2. Proposed Refactoring Implementation¶
These are the rambling thoughts of Paul Wessel on the C refactoring. I start with explaining how the present API came into being and why, what the problems are with the current API, and what the challenges will be in deciding what the refactoring should accomplish. This page will be updated as we debate and reach consensus on various steps.
2.1. What is the problem?¶
The GMT API as of GMT 6.x is an unusual beast as far as APIs go. Let me explain. When GMT 5 was released we had repackaged all the GMT programs (e.g., pscoast.c, surface.c) into API modules. Those source files were still there, but instead of having a main function required for all C executable programs, they instead defined module functions called GMT_pscoast, GMT_surface, etc. These all had exactly the same argument list, e.g.
int GMT_surface (void *API, int mode, void *args)
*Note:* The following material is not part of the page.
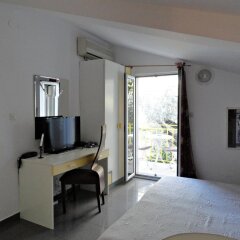 Отель Sun Rose Apartments Черногория, Свети-Стефан - отзывы, цены и фото номеров - забронировать отель Sun Rose Apartments онлайн комната для гостей фото 4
where all the arguments necessary for surface to run were passed via the args pointer, with the mode flag indicating what type of arguments were passed. This module, as all others, would have the following common work flow:
Create a linked list of GMT options from the two last arguments
Parse GMT common options given to the module
Parse module-specific options given to the module
Read the input data (if required)
Perform the calculation
Write output data or PostScript (if required)
Since there no longer is a separate surface program, for command-line work we rely on the single program gmt which does the following:
Creates a new GMT session and returns an API pointer to an internal structure
Calls the selected module via GMT_Call_Module and pass the arguments
Destroys the GMT session
The only price users had to pay when moving from GMT 4 to 5 was to get used to running modules as argument to the gmt program, e.g.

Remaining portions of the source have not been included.